> _EXERCISE OBJECTIVE_: Below are some records; quote exactly the lines from the one that contains "6096 Corbin, Las Vegas, NV 89122" through the one that contains "Ivan Liovik Ebel", inclusive, and no others.

[Short text fragments from websites]
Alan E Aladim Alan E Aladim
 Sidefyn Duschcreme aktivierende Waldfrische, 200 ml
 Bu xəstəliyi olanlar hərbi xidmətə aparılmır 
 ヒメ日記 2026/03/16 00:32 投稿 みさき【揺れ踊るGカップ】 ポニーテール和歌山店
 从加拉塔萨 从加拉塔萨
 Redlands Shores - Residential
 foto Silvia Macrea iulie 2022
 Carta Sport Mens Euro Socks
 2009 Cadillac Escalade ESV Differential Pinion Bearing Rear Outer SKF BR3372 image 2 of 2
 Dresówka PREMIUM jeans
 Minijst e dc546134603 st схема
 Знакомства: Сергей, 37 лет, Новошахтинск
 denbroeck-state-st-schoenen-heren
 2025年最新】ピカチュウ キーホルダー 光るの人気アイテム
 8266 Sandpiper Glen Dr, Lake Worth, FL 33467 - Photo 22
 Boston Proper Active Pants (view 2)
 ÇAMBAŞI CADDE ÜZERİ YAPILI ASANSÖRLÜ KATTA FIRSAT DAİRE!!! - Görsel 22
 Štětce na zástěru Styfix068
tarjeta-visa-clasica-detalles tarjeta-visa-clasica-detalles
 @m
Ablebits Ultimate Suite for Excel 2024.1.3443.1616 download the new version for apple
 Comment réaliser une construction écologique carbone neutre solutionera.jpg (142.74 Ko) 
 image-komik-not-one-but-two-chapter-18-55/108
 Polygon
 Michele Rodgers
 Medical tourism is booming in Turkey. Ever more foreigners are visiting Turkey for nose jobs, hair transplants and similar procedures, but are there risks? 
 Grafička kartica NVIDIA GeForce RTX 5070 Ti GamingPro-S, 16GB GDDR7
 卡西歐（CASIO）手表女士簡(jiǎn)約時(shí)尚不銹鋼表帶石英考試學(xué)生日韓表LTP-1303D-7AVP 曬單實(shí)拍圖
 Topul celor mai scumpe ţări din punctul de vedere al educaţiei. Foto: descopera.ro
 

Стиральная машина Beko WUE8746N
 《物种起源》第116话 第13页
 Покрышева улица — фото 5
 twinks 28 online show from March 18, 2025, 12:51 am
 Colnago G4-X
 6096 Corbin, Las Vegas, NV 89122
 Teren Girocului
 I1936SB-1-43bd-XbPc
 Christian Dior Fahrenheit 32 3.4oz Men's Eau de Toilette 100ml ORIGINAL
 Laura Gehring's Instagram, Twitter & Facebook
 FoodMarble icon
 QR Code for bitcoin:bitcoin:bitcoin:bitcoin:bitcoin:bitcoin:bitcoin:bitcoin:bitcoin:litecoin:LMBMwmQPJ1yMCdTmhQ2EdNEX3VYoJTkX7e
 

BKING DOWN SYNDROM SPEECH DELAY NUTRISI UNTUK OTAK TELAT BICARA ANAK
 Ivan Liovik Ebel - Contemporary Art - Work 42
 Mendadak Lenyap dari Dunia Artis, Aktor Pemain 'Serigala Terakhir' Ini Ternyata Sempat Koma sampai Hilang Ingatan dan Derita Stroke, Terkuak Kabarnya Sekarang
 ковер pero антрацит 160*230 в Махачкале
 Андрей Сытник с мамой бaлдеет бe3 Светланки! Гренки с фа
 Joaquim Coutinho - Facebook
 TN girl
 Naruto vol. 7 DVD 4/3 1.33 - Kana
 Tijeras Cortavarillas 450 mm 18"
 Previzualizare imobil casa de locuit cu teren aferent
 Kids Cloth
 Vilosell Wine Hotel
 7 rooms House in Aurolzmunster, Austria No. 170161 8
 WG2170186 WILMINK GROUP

> _TASK RESPONSE_:
 6096 Corbin, Las Vegas, NV 89122
 Teren Girocului
 I1936SB-1-43bd-XbPc
 Christian Dior Fahrenheit 32 3.4oz Men's Eau de Toilette 100ml ORIGINAL
 Laura Gehring's Instagram, Twitter & Facebook
 FoodMarble icon
 QR Code for bitcoin:bitcoin:bitcoin:bitcoin:bitcoin:bitcoin:bitcoin:bitcoin:bitcoin:litecoin:LMBMwmQPJ1yMCdTmhQ2EdNEX3VYoJTkX7e
 

BKING DOWN SYNDROM SPEECH DELAY NUTRISI UNTUK OTAK TELAT BICARA ANAK
 Ivan Liovik Ebel - Contemporary Art - Work 42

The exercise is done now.